La expresión «frenesí jubilatorio» no es mía. Pertenece a una conversación entre Elie Théofilakis y el filósofo francés Jean François Lyotard. Se trata de un diálogo en torno a la exposición de Los inmateriales, el famoso montaje de 1985 en el Centro Georges Pompidou de París.
Comentando la sala de informática, donde se disponían hileras de computadoras y monitores IBM para que los asistentes a la muestra pudieran crear su obra inmaterial, dicen los interlocutores:
«Lyotard: […] Hay algo así como un apetito voraz de estas cosas (los microordenadores) entre los jóvenes y los niños. Nuestro deber es defender ese ideal.
Théofilakis: Sí. Toquetean el teclado con un frenesí jubilatorio. Decir que esta digitalidad es alienante es meterse el dedo en el ojo».
No hay ironía en tales palabras. Ambos pensadores tenían una confianza ciega en las posibilidades liberadoras de las herramientas digitales. Otorgándoles la venia de que esta conversación ocurrió hace más de treinta años podemos disculparlos, mas no olvidar su expresión.
El frenesí jubilatorio, que arrancó como chispas sobre el teclado de aquellos primitivos ordenadores, se ha disparado. Hoy no hace falta visitar un centro cultural de vanguardia para encontrarse a merced de una computadora. Y la omnipresencia de lo digital ha tenido un efecto curioso:
Se trata de la disponibilidad perpetua del tablero y el foro para expresar y opinar.
Hoy no se puede pasar de largo a través de los temas. Internet y las redes sociales son una especie de auditorio en donde podemos verter nuestras opiniones; sea de la agenda internacional de un país extranjero o de un servicio ofrecido por una franquicia de tamales. Todo está abierto y disponible para expresarse.
No es el ejercicio democrático de acceder a los medios. La idea de que se trata de una forma en que el ciudadano puede obtener representación en el espectro de lo público es más que sospechosa.
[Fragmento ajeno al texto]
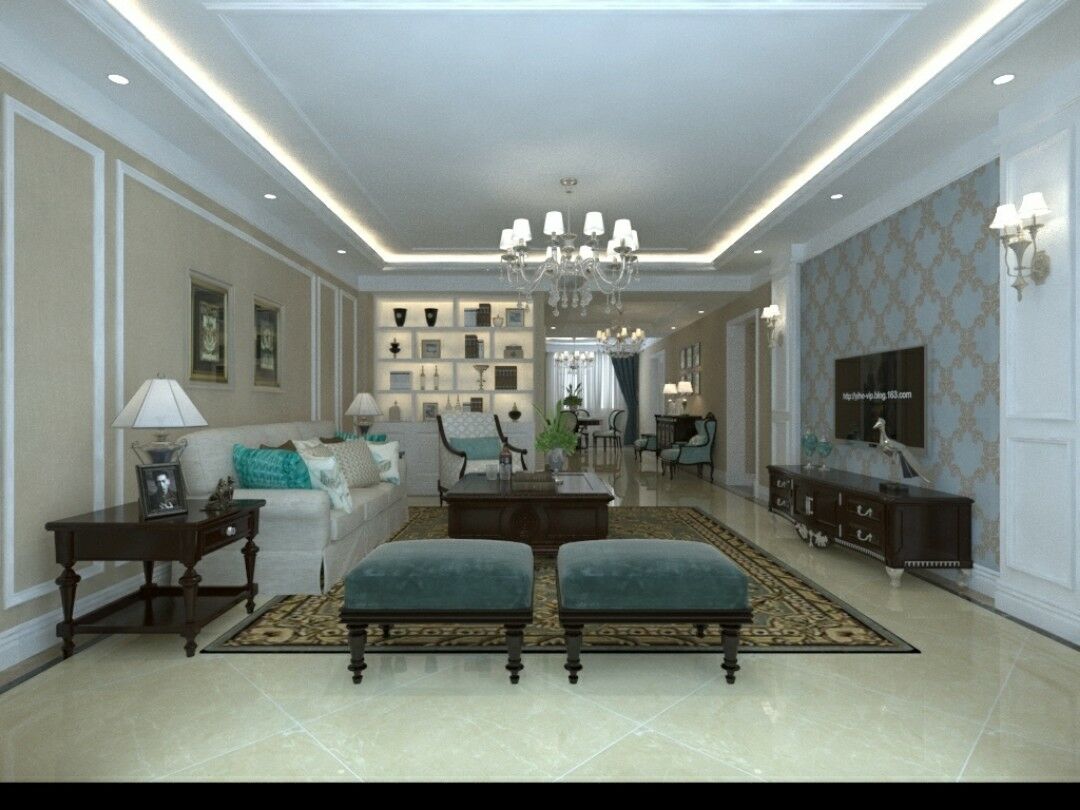 0CF33FA520B68BDA0ABB0E8025355A8D.jpg 0CF33FA520B68BDA0ABB0E8025355A8D.jpg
Hay algo más profundo e interesante en esto. Me refiero al extraño resultado de la producción de opiniones que de otra forma ni siquiera se habrían formulado.
No hay representatividad, sino sobreproducción. O lo que es lo mismo: hiperexpresión. La sobrepoblación de opiniones que a nadie importa sino al propio sujeto que las formula. Esto es expresión sobre el mundo, pero que delimita el horizonte de acción del mundo del sujeto. O acaso sería mejor decir que en la medida en que el sujeto emite una opinión sobre tal o cual cosa consigue apropiarse del mundo.
Incluso llega a generar una suerte de placebo. Acaso el sujeto, en la medida en que reúne la fuerzas para producir discurso, llega a imaginar que sus esfuerzos reditúan en una transformación. Y que su discurso, puesto a circular como documento puede operar un cambio tan significativo o más que firmar una petición de cambio a través de Internet.
De esta forma parece que nuestro frenesí jubilatorio empuja constantemente la agenda de opiniones al olvido. Si hoy opinamos de lo mal que jugó la selección mexicana de fútbol, mañana nos burlaremos de algún diputado o diremos nuestros pareceres sobre las marcas de chicharrón prensado de las diferentes carnicerías. El pergamino digital lo deglute y olvida con la prisa necesaria por producir y mostrar nuevas opiniones, nuevos temas, nuevas expresiones.
La libertad de expresión entonces se asemeja bastante a la gazmoñería de un cliente insatisfecho. Y por eso conseguimos utilizar el mismo nivel de indignación para reseñar la democracia representativa federal mexicana que un restaurante italiano o una película que no nos gustó.
Y en ello el argumento se licua y desaparece. Se destruyen y se reducen a una plasta de idiocia sin límite. Lo único que importa es producirse en la opinión. Expresar. Practicar con demencial locura el frenesí jubilatorio al teclear cosas que no valía la pena decir.